DATA BLOCK |
○ ○ ○

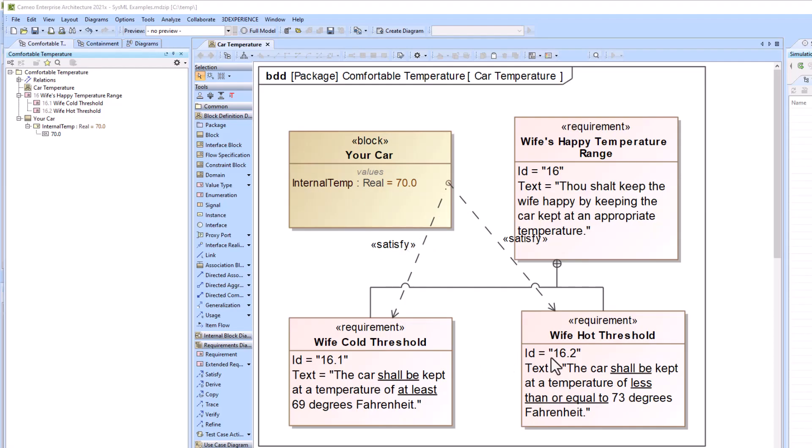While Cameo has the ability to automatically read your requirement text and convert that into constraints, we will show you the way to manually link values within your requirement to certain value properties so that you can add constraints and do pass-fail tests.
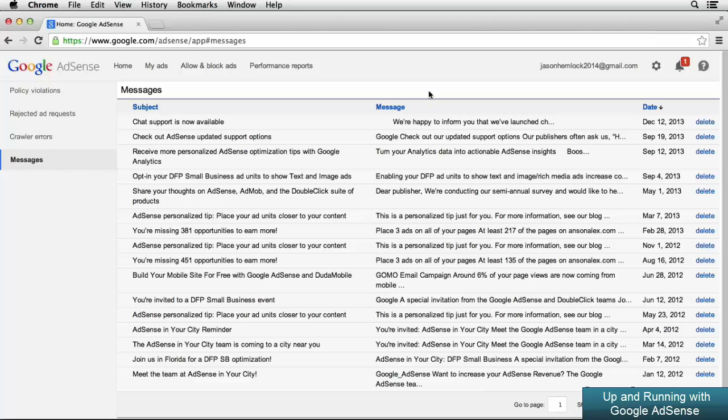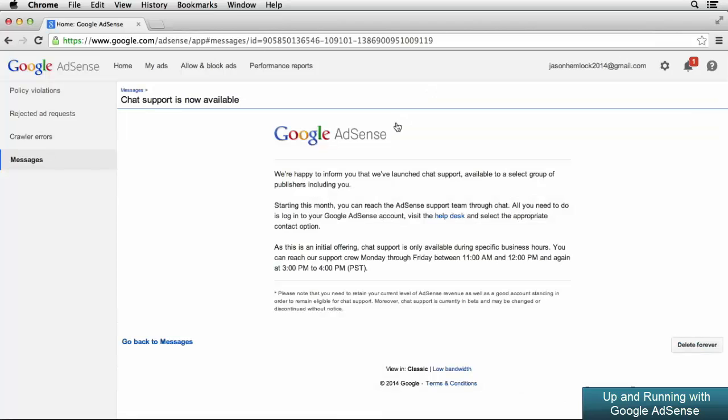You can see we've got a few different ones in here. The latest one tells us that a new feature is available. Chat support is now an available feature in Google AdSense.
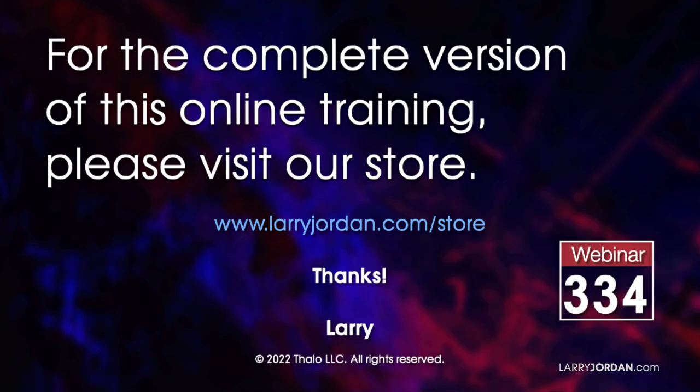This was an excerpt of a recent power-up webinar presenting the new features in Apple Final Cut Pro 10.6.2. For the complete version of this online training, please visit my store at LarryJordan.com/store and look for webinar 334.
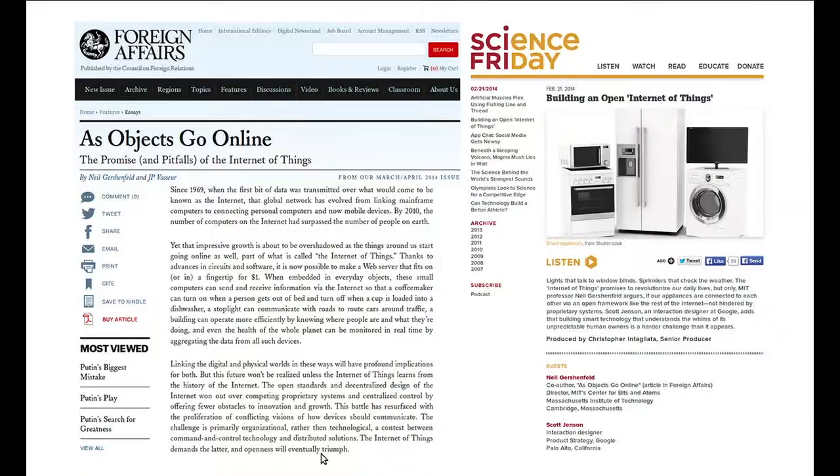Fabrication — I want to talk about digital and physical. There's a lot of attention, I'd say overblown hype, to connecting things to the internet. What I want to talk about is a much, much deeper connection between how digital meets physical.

○ ○ ○

YOUR TASK |
With the pictures excluded, restate word for word each line from the one that contains "This was an" through the last line of the listing above.

RESPONSE |
This was an excerpt of a recent power-up webinar presenting the new features in Apple Final Cut Pro 10.6.2. For the complete version of this online training, please visit my store at LarryJordan.com/store and look for webinar 334.
Fabrication — I want to talk about digital and physical. There's a lot of attention, I'd say overblown hype, to connecting things to the internet. What I want to talk about is a much, much deeper connection between how digital meets physical.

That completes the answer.